Wedding Fever

Dating post-college should be viewed the same as your work experience post-college. No matter how much experience you think you had prior to graduating, employers view you as a clean slate the minute you receive that diploma. Just because I was at my current place of employment for two years before graduating, I am still considered to have only a year of experience in my field (and not three, which you’d think I should have) because I have only been working there a year since graduation. That, my friends, is exactly how dating in our generation needs to be viewed.

If you’re dating the same guy you’ve been with all throughout college, post-graduation should be considered the true beginning of your relationship. Besides the insane statistics out there about getting married before the age of 23 (check out the last chart in this report by the Bureau of Labor Statistics if you think I’m blowing smoke up your ass), combined with the already unbelievably high divorce rate in general… I don’t know why anyone would want to rush into marriage so soon anyway.

I see so many girls give their boyfriends ultimatums, because, let’s say, they have been dating for 4+ years and, since both are now college graduates, the next logical step is engagement. Anything else would be a waste of time in these girls’ eyes. And the guys give in, because even though they do not want to get married, they don’t actually want to lose the girl either. Reality check, ladies: no one wins when you present an ultimatum.

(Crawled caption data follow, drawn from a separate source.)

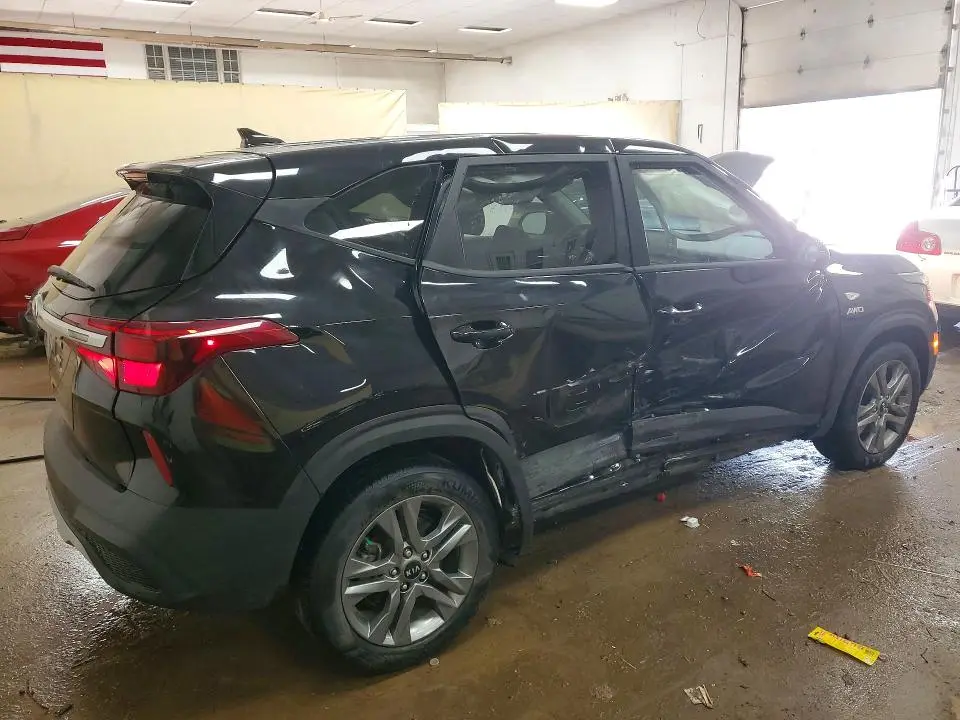 2021 KIA SELTOS LX  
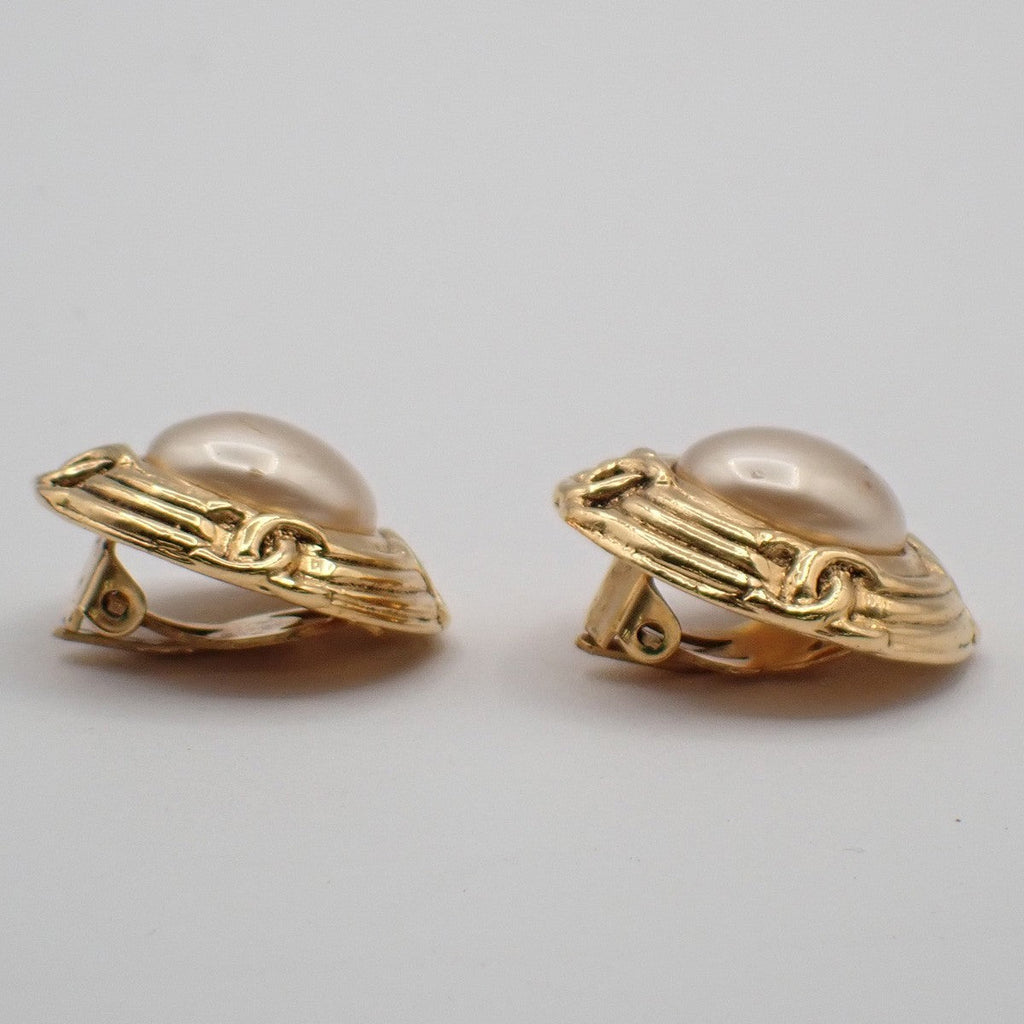 Chanel Vintage Round Clip-On Earrings Metal With Faux Pearl Gold Gold_Plated Earrings Jewelry (Pre-Owned)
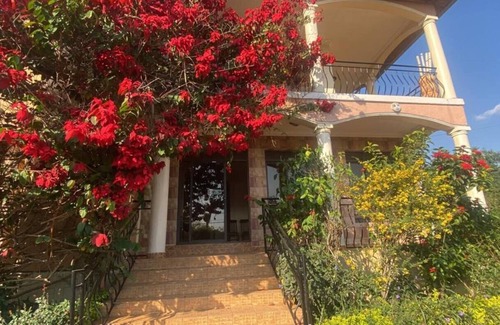 Kigali Villa | Spacious 5-bedroom villa with WiFi, AC in beautiful Kigali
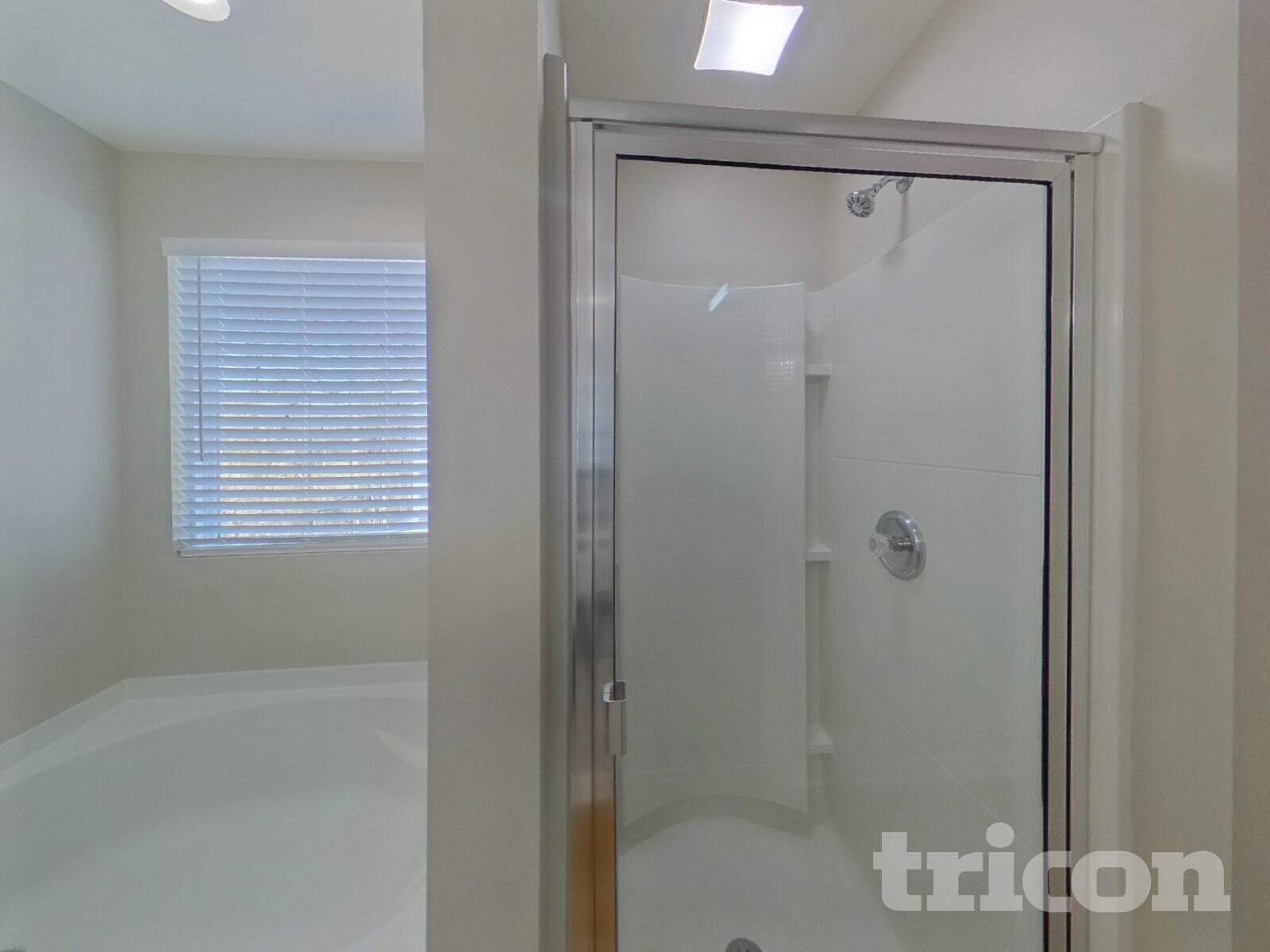 Building Photo - 9425 Macquarie Ln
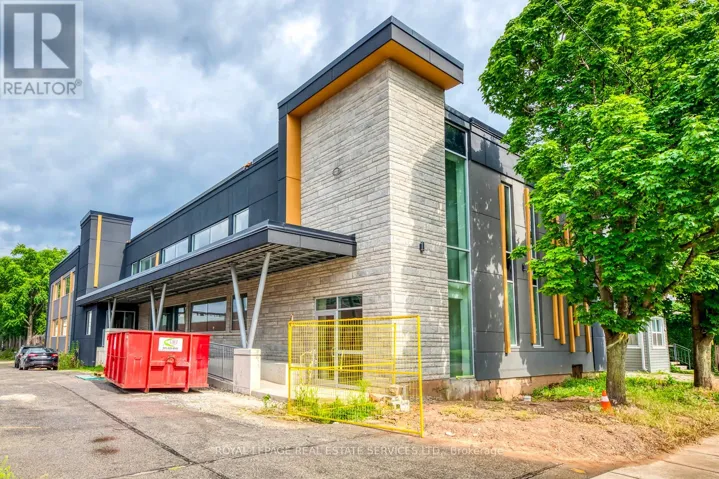 105 - 401 VICTORIA AVENUE N, Hamilton (Landsdale), Ontario L8L5G7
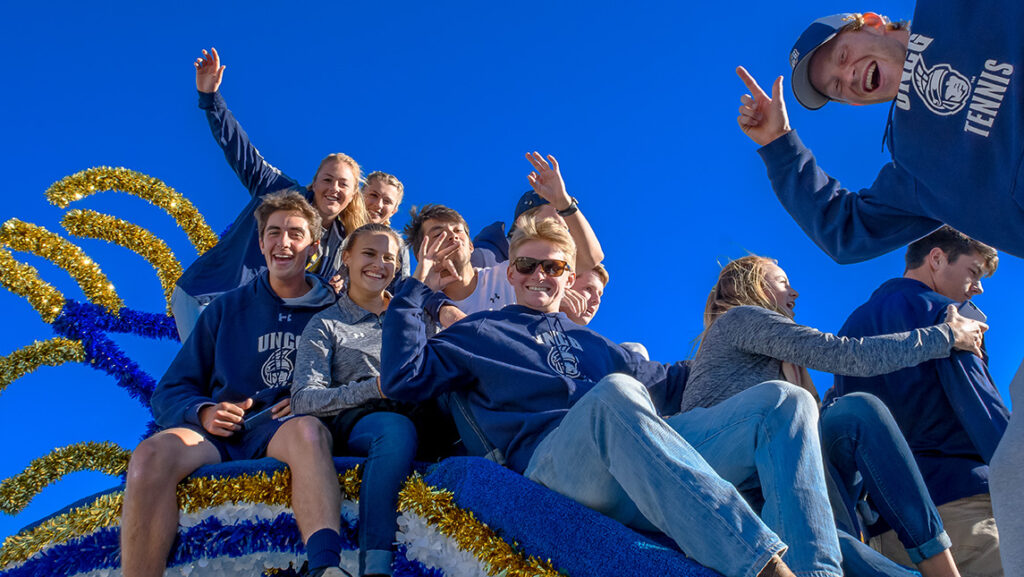 Students pose for a picture during Homecoming parade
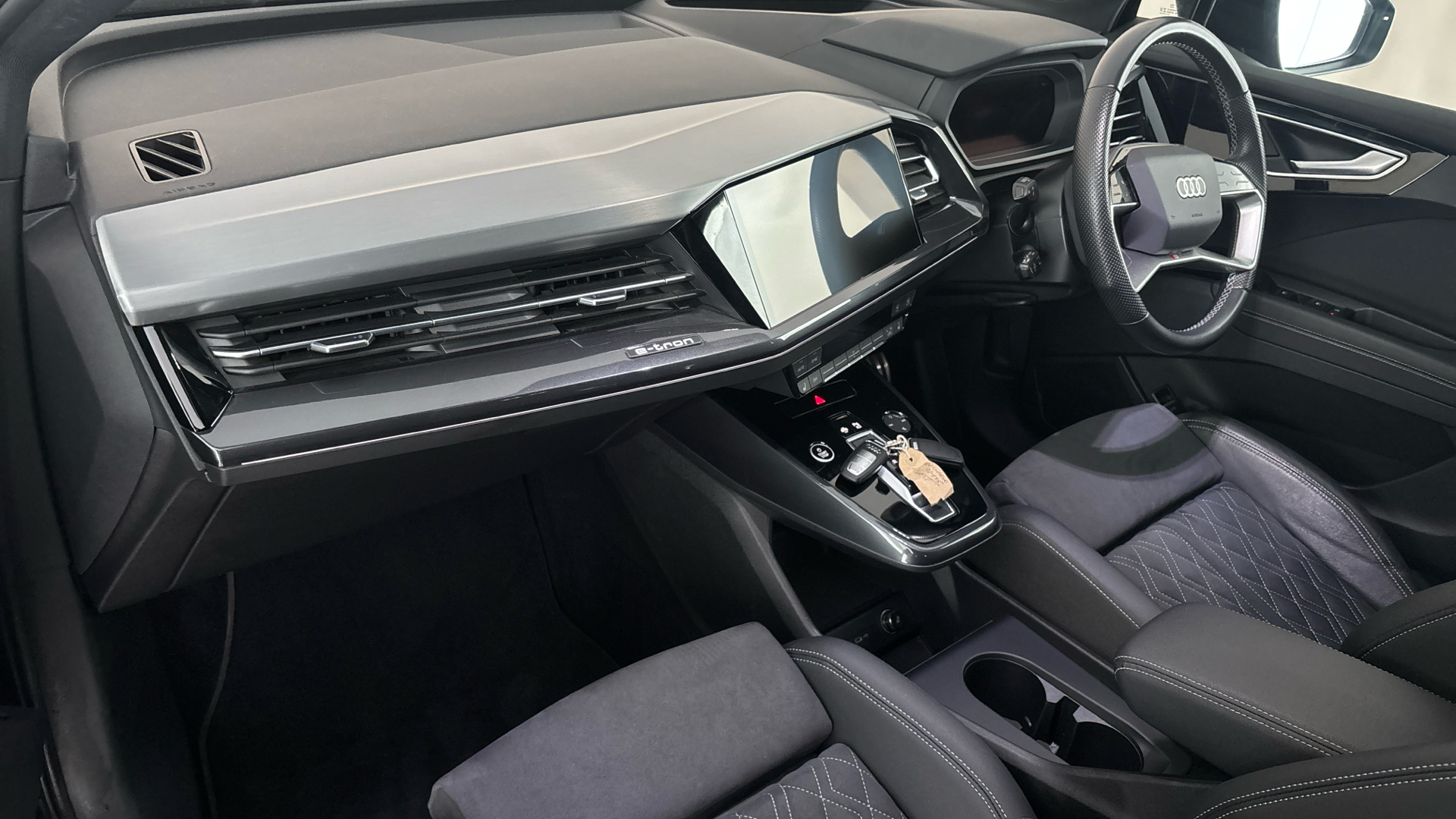 4027600 220kW 50 Quattro 82kWh S Line 5dr Auto C+S/Tech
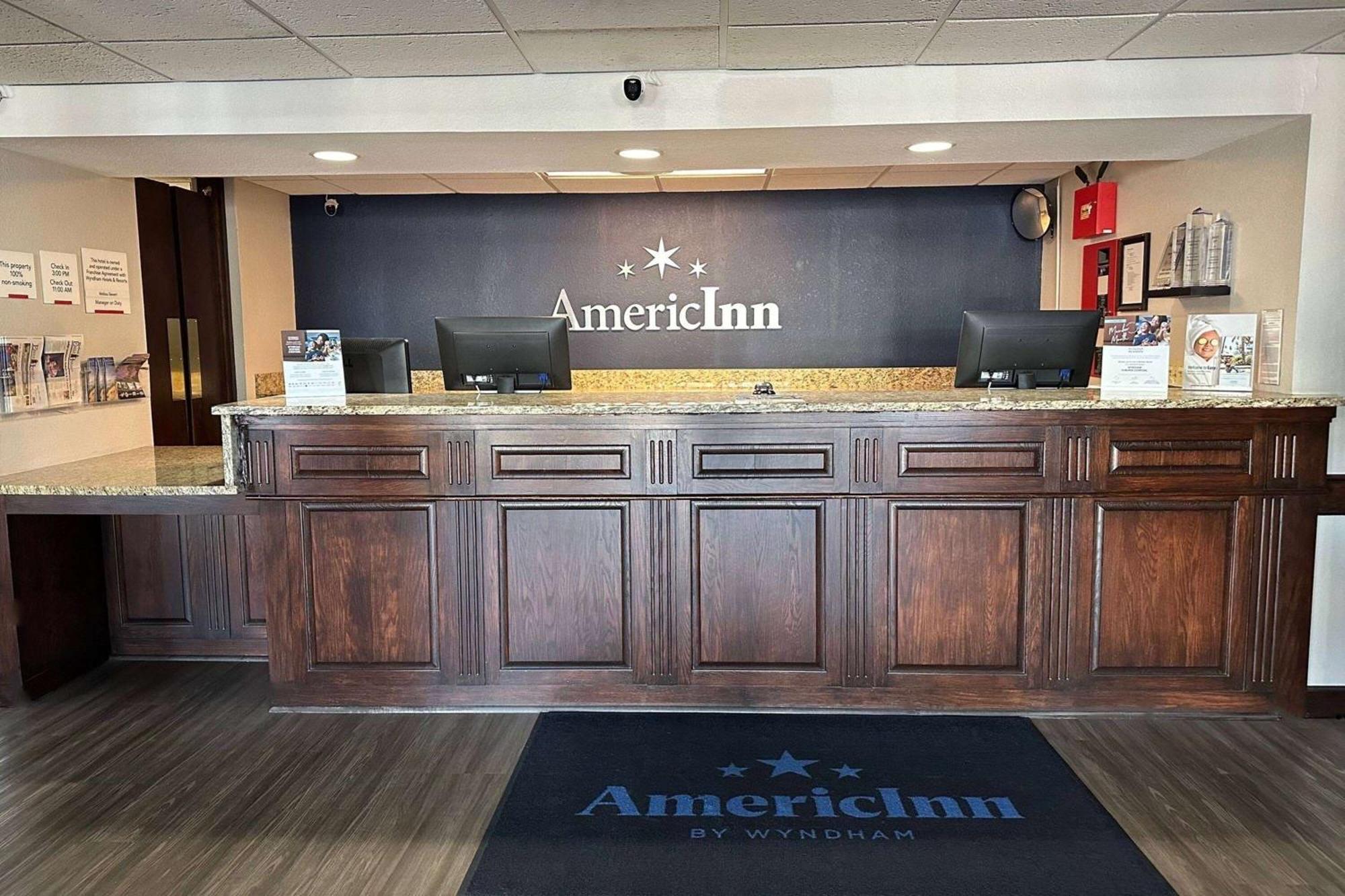 Americinn By Wyndham Menominee Exterior photo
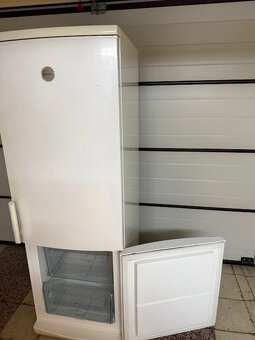 Chladnička s mrazničkou Electrolux 265L - 4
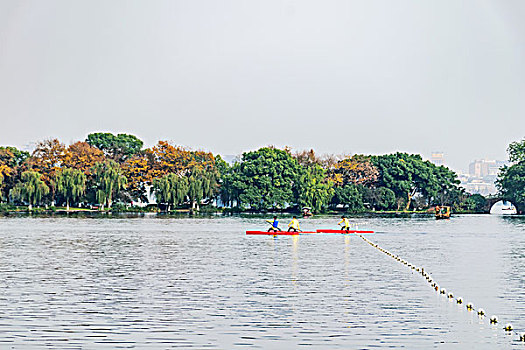 西湖秋景皮划艇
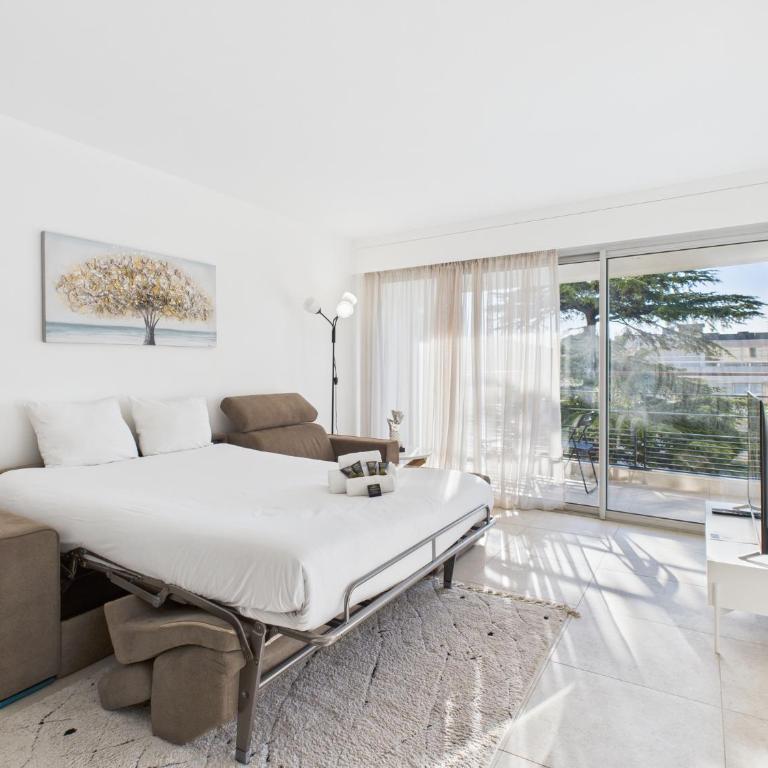VILLA LERINS avec terrasse, haut standing et moderne - Appartement 1 Chambre avec Balcon et Vue sur la Ville - 5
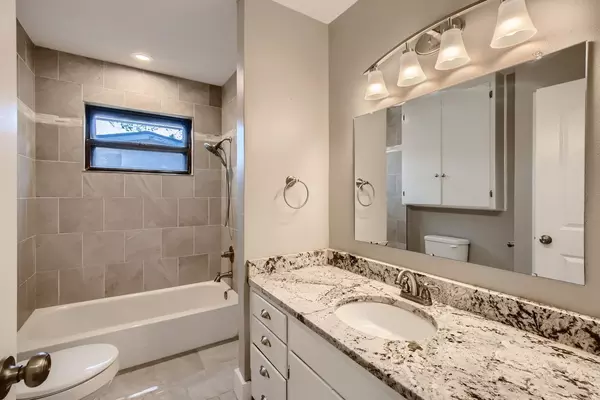 4 bedrooms apartment for rent in Alamo Heights - North SATX, San Antonio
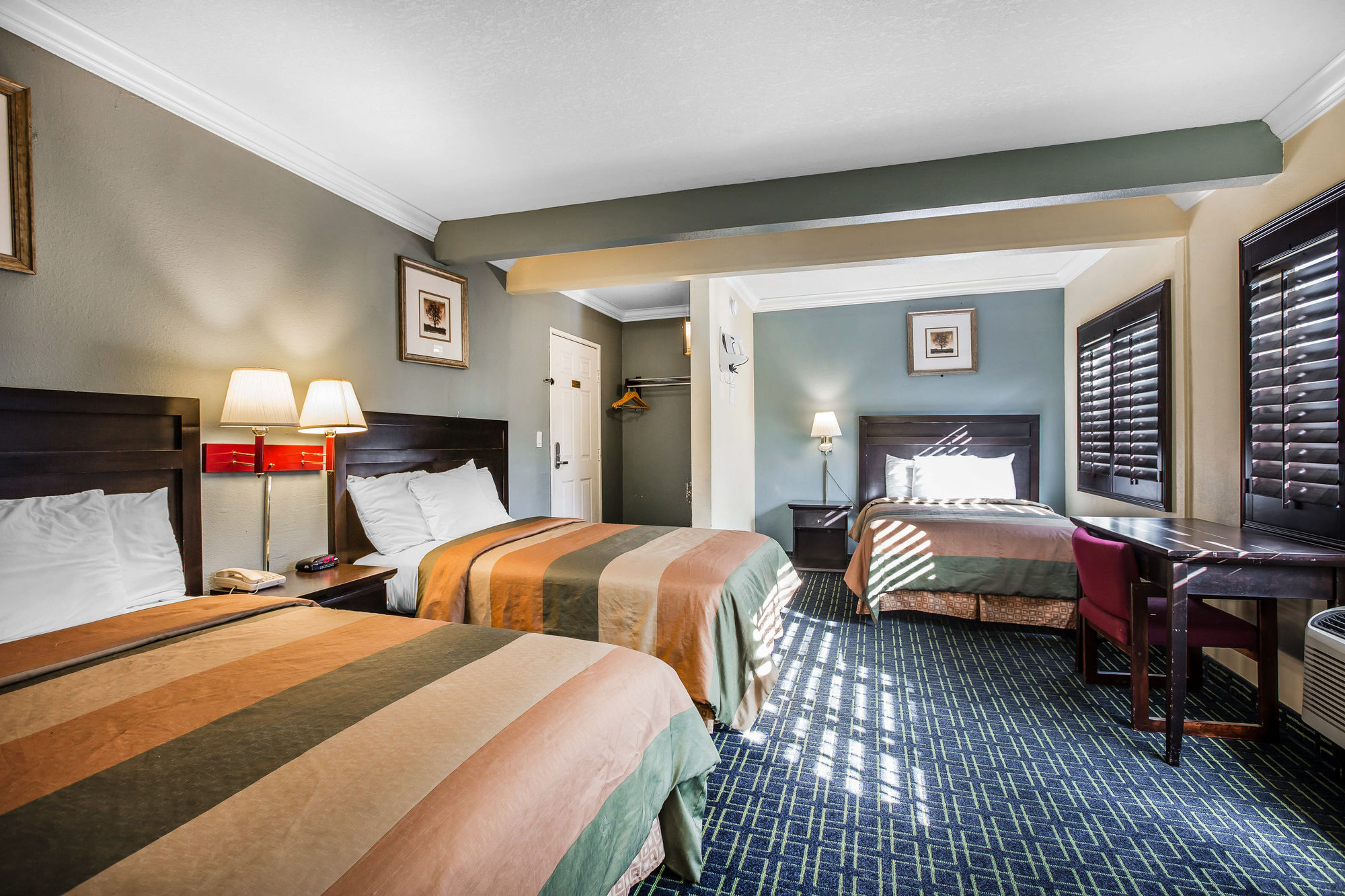 Фото Hotel H Wood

But, as the story goes, the hints are dropped, and if the guy doesn’t reciprocate, the ultimatum is given. And he gets the ring, probably plans a really cute way to ask too. It will be an amazing story to tell all of your friends. Then it begins: from that point on it becomes all about the female. It starts with her ring, her engagement party, and then goes to her wedding registry, her bridal shower, her color scheme, her grand plans, her perfect wedding day. All the focus seems to be concentrated on one day, for a commitment that will (hopefully) last a lifetime.

When I was younger, I used to feel really bad for my mom. Her and my dad got married in my grandparent’s house, with a few witnesses and a justice of the peace. She couldn’t get married to him in a church because it was my dad’s second marriage, and back then churches were dicks about things like that. And even though it was my dad’s second marriage, it was my mom’s first… but she never got to have her fairytale wedding. Now I’m starting to realize that may not be such a bad idea after all, when all is said and done. Our generation puts so much emphasis on the engagement and the wedding day rather than the actual marriage– the actual commitment of spending the rest of your life with another person is lost in a sea of flowers, dresses, menus and venues.

Honestly, this is the ultimate Post-Grad Problem.